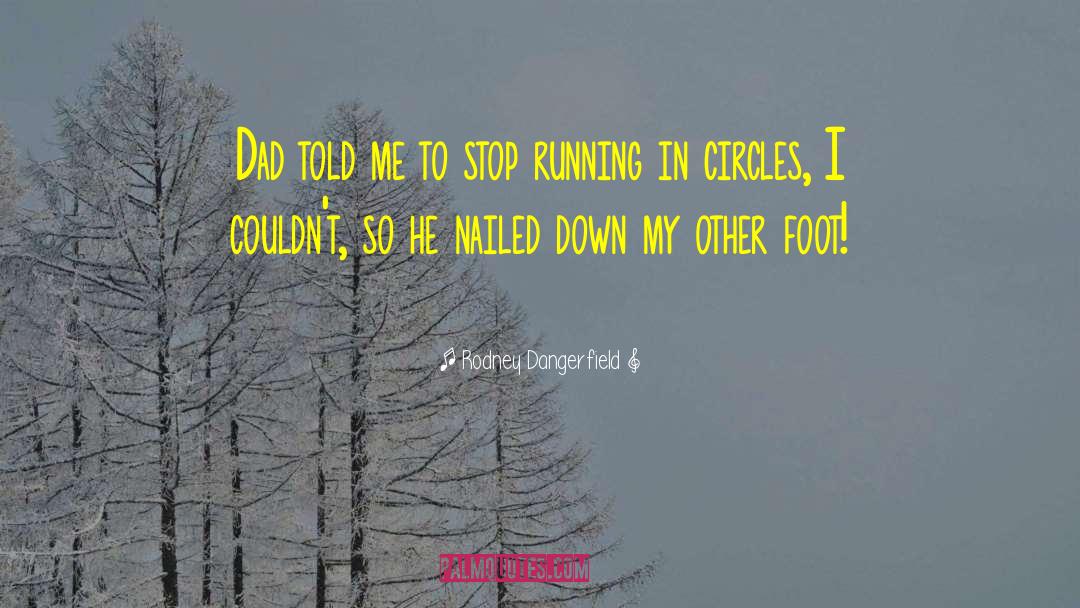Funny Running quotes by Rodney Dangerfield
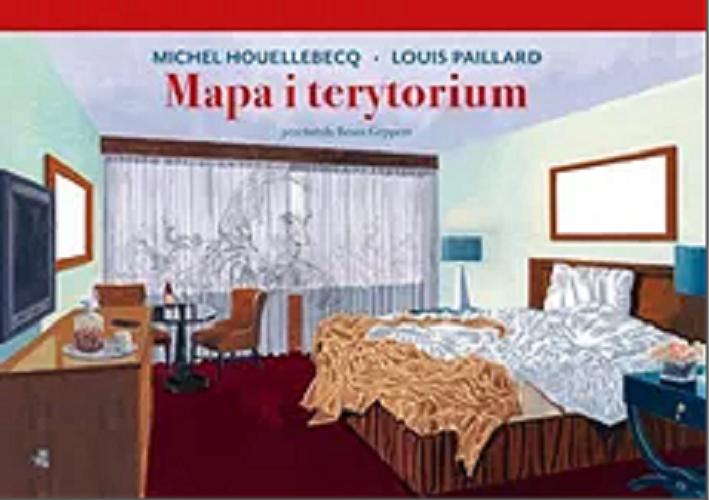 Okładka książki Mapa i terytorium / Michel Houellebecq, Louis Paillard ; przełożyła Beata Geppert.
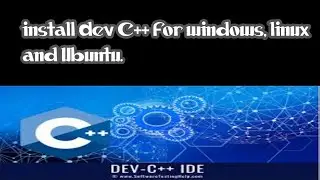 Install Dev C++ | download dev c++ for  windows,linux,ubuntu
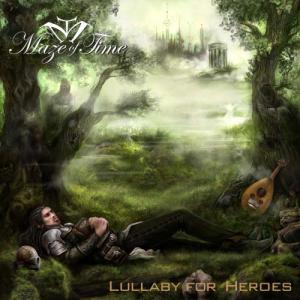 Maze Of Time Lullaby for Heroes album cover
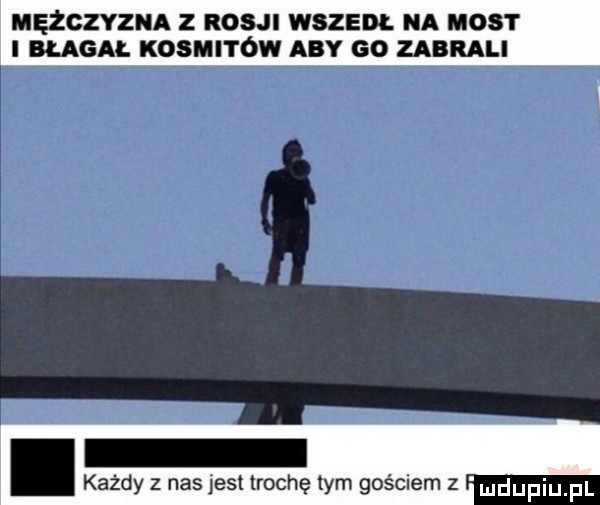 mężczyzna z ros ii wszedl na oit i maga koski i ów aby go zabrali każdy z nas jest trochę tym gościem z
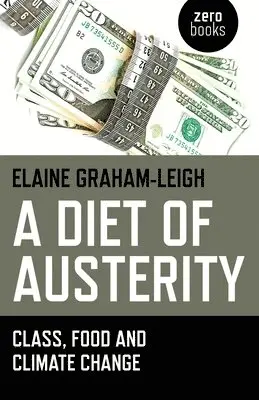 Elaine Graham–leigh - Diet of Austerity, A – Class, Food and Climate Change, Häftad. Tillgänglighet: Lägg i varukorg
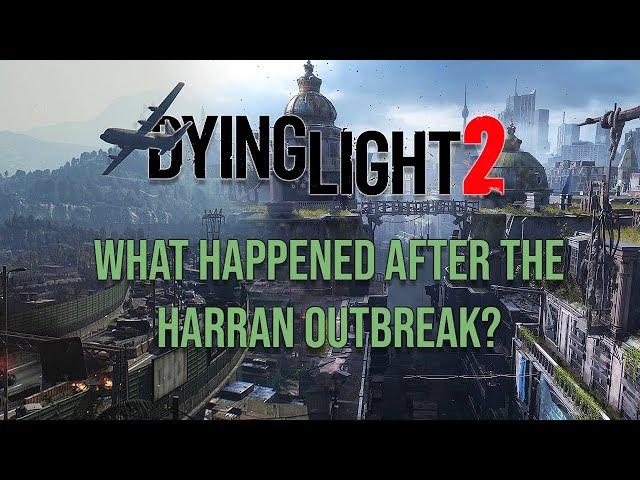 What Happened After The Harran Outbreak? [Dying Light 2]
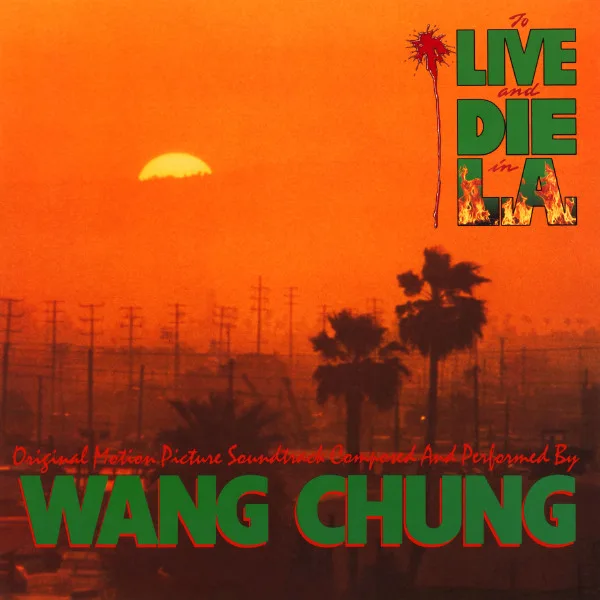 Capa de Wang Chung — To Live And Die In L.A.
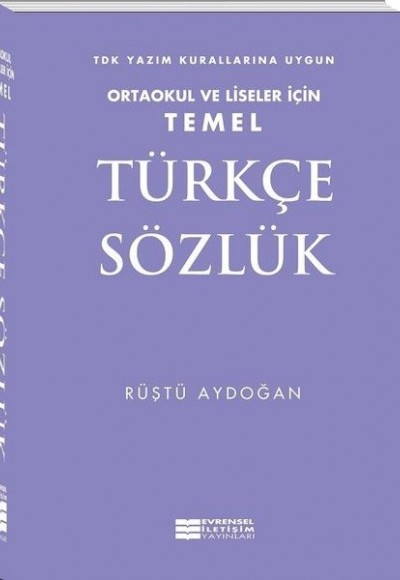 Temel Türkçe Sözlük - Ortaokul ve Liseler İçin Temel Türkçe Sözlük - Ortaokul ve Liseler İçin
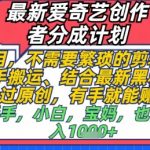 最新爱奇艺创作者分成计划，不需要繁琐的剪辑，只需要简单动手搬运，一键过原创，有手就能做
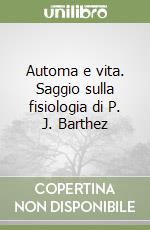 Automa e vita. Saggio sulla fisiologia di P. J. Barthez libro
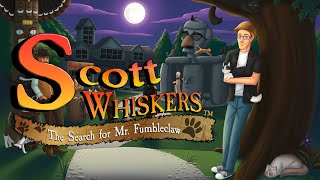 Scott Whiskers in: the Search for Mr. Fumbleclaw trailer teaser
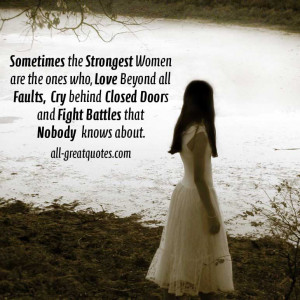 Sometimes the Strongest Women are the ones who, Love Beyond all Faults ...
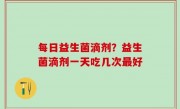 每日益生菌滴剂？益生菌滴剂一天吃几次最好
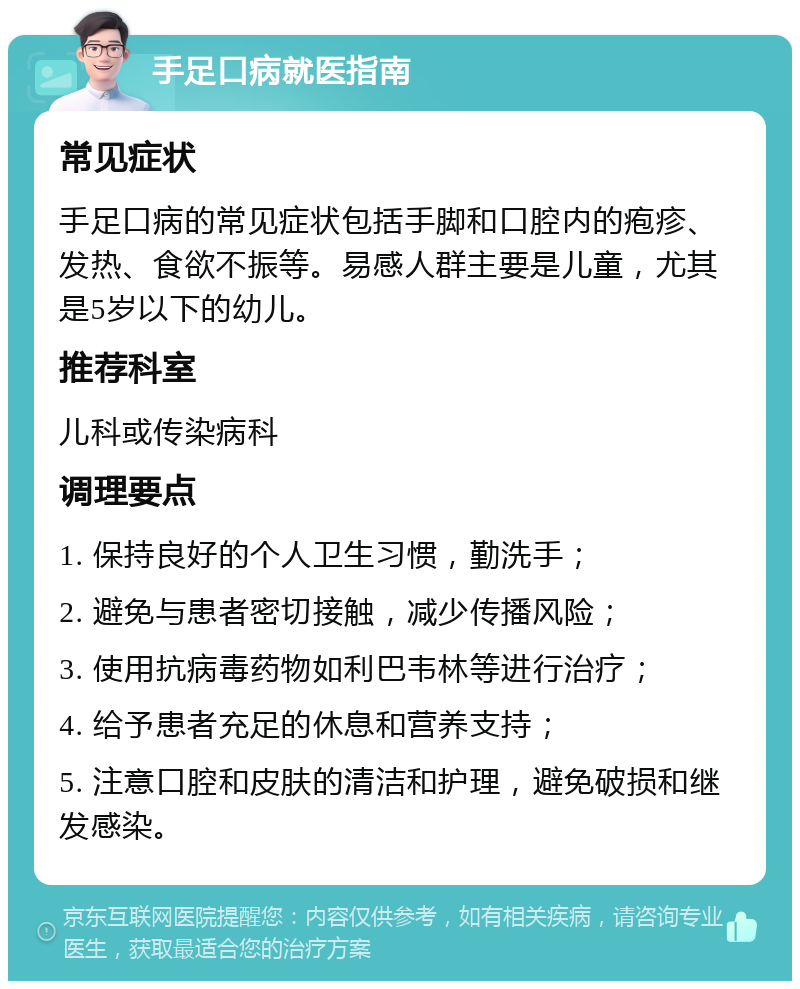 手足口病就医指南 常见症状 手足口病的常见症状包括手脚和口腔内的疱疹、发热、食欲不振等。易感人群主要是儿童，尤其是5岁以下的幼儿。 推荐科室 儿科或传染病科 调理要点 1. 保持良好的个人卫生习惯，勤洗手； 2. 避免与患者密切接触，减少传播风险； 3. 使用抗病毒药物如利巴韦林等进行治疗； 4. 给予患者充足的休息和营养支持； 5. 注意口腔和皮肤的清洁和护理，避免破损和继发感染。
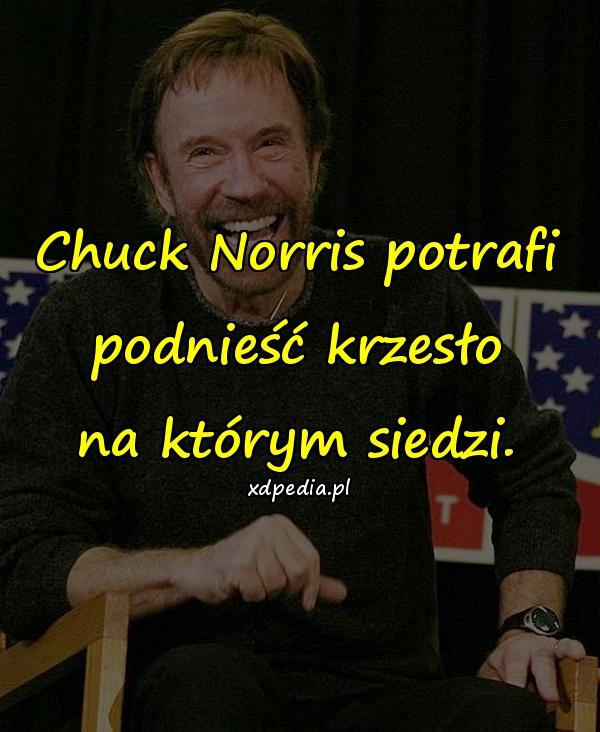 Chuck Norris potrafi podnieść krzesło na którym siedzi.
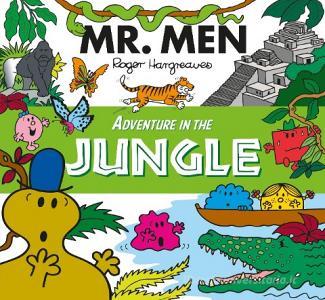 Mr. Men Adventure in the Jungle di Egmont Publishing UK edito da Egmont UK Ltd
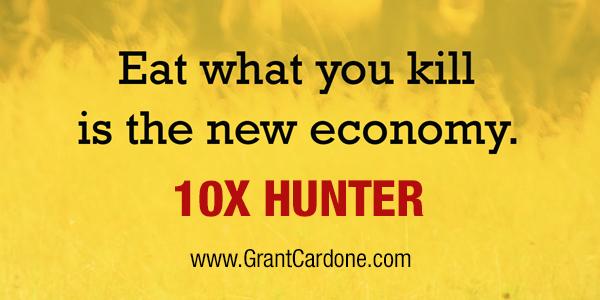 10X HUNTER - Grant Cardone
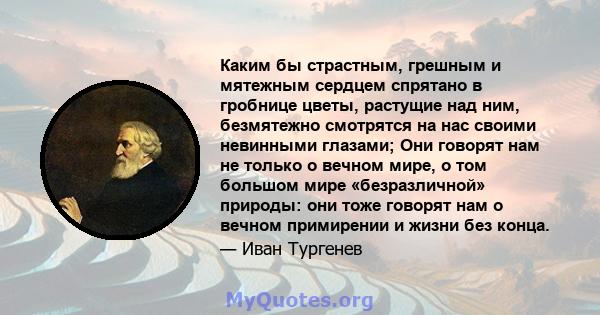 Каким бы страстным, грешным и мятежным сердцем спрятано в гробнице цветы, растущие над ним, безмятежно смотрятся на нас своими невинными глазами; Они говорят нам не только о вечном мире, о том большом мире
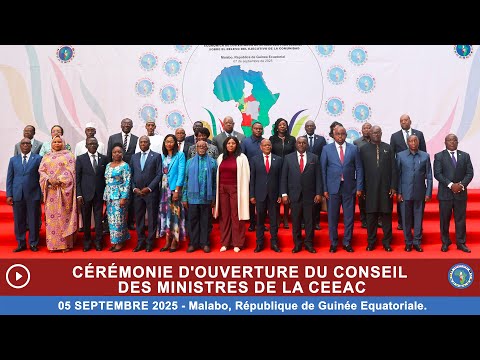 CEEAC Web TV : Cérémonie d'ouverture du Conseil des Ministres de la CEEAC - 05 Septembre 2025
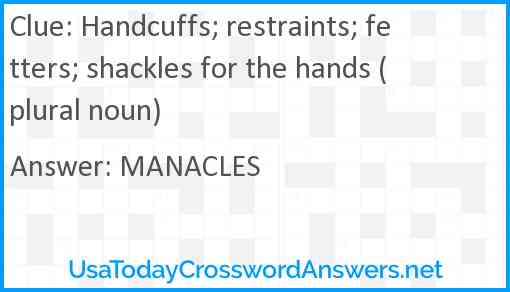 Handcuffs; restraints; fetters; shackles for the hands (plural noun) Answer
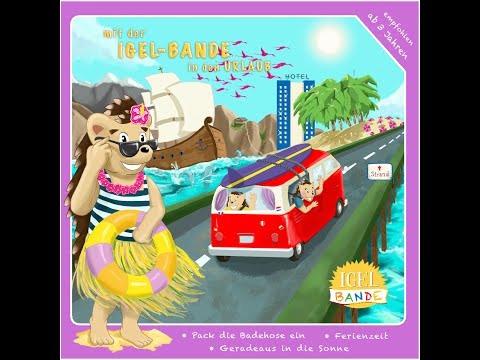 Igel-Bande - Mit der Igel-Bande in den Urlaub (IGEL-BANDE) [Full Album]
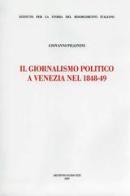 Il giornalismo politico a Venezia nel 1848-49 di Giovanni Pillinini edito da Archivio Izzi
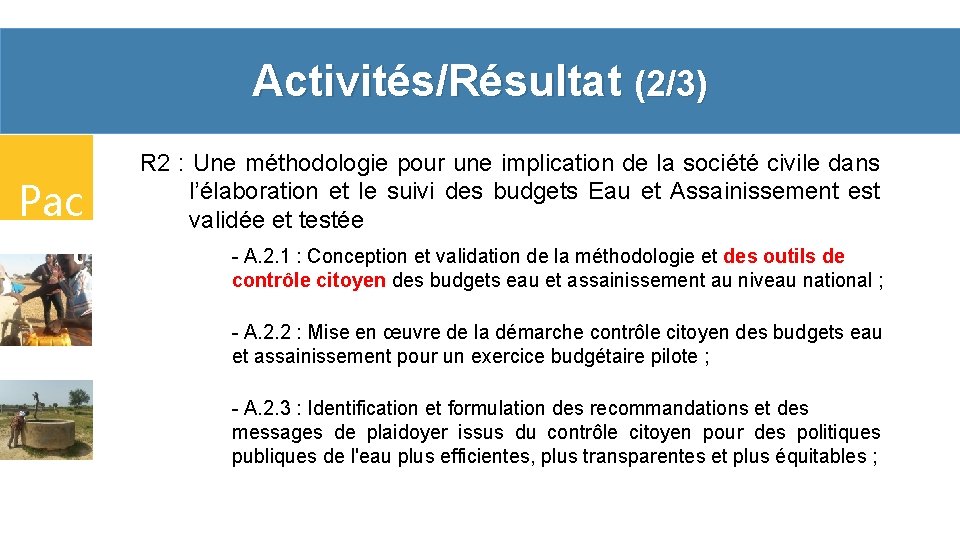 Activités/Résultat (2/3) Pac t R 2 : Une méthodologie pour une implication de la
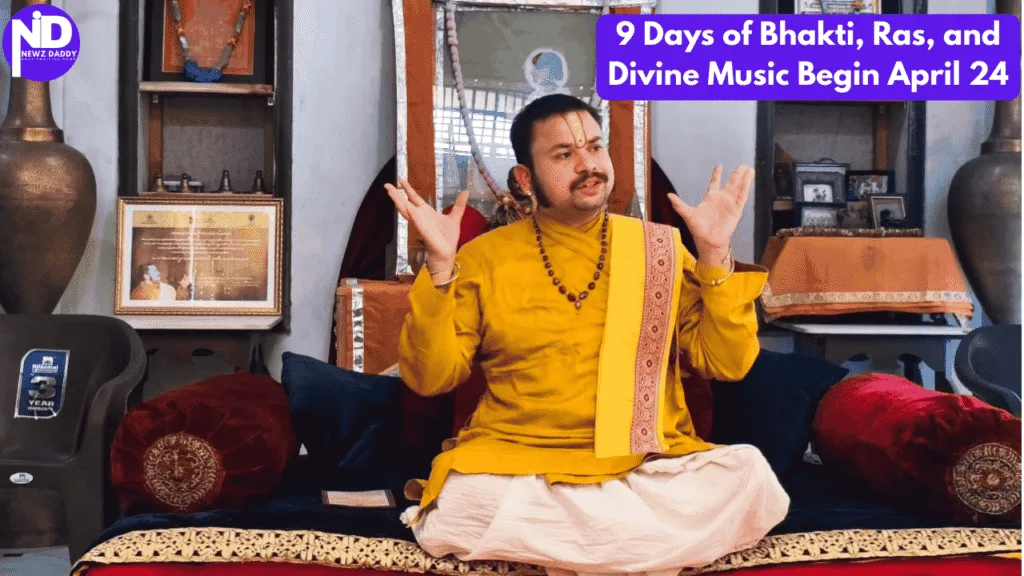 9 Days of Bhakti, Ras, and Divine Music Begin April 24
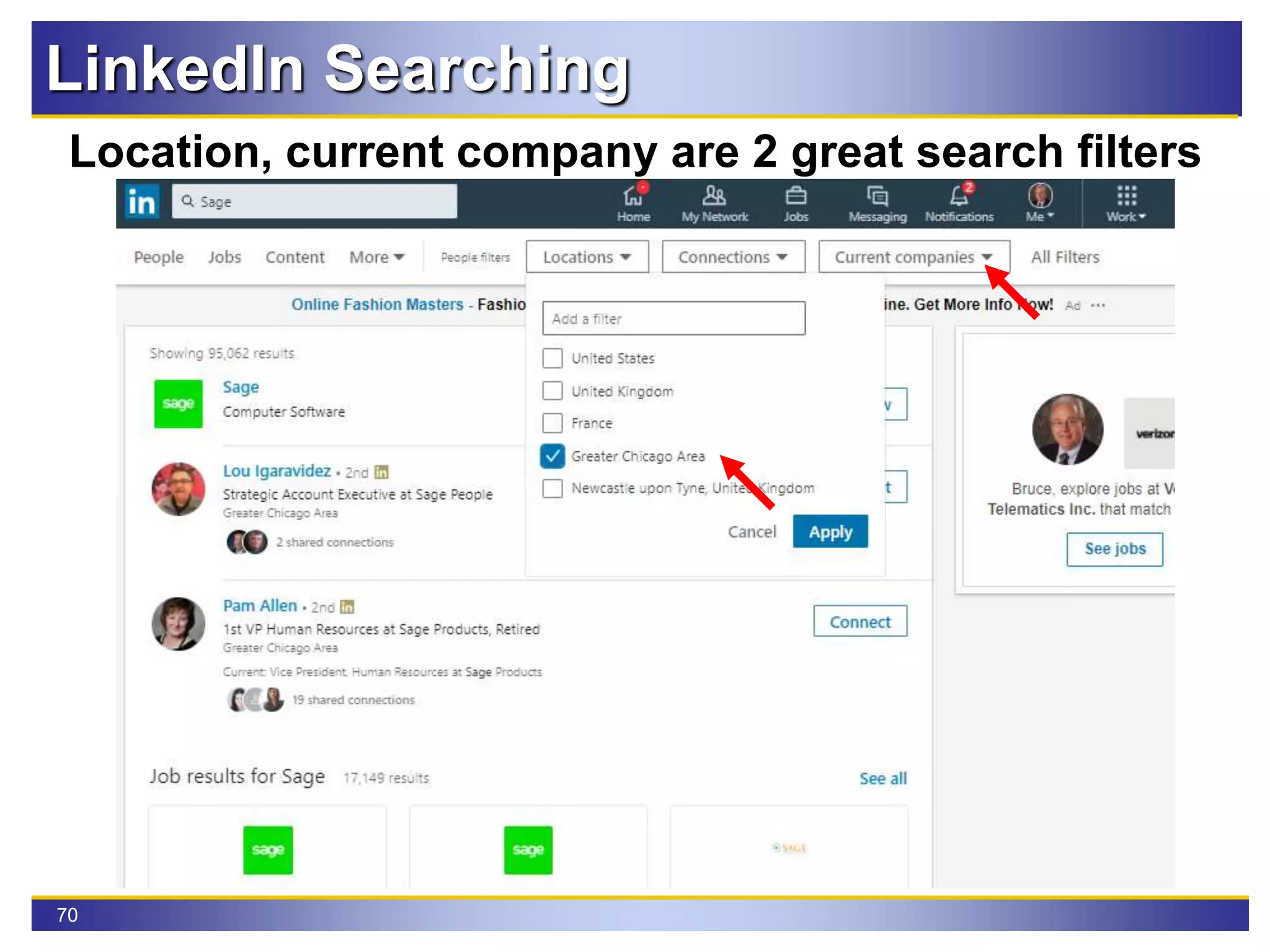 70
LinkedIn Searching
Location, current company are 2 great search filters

--- --- ---

Task prompt: All that should appear in the answer is the lines above from the line with "给予患者充足的休息和营养支持； 5. 注意口腔和皮肤的清洁和护理，避免破损和继发感染。" through the line with "Chuck Norris potrafi", retyped exactly, pictures left out.

Reply:
 手足口病就医指南 常见症状 手足口病的常见症状包括手脚和口腔内的疱疹、发热、食欲不振等。易感人群主要是儿童，尤其是5岁以下的幼儿。 推荐科室 儿科或传染病科 调理要点 1. 保持良好的个人卫生习惯，勤洗手； 2. 避免与患者密切接触，减少传播风险； 3. 使用抗病毒药物如利巴韦林等进行治疗； 4. 给予患者充足的休息和营养支持； 5. 注意口腔和皮肤的清洁和护理，避免破损和继发感染。
 Chuck Norris potrafi podnieść krzesło na którym siedzi.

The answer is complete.